A 10% decline in iPhone sales sounds like a problem for Apple, considering the company counts on the devices for half its revenue.

But investors didn’t seem to mind Thursday, when Apple revealed the year-over-year drop in its fiscal second-quarter earnings report. The stock rose more than 6% after the market close, a rally that would be the steepest since November 2022 should it continue into regular trading Friday.

Instead of glaring too much at iPhone revenue, Wall Street chose to focus on the positive. Apple’s gross margin expanded to 46.6%, continuing an upward trajectory that reflects the company’s growing services business, which brings with it stout profits.

Apple also signaled overall revenue growth in the current quarter will be in the low single digits, after a 4% decline in the second period. Analysts were looking for third-quarter growth of 1.3%, according to LSEG.

Deepwater Asset Management’s Gene Munster described the guidance as a “relief” given the recent trajectory of the business.

“I was expecting this was going to be flat, some investors were saying it was going to be down a few percent in June,” Munster told CNBC’s “Fast Money” after the report. “I think that was a big part of this move higher.”

But perhaps the biggest catalyst for the pop was Apple’s announcement that it had approved $110 billion of share buybacks, the most ever for a public company. For the past three years, Apple has authorized $90 billion in annual repurchases.

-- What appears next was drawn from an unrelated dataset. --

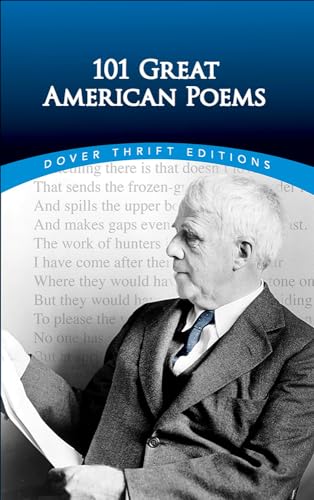 Stock image for 101 Great American Poems (Dover Thrift Editions) for sale by SecondSale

The after-hours jump shows how much investors are valuing Apple’s massive cash flow and the company’s willingness to return more of it to shareholders. It’s a shift in the way Apple has been viewed by Wall Street over the years, away from a hits-driven gadgets business and toward a financial powerhouse.

“Our free cash flow generation has been very strong over the years, particularly the last few years,” Apple CFO Luca Maestri said on an earnings call.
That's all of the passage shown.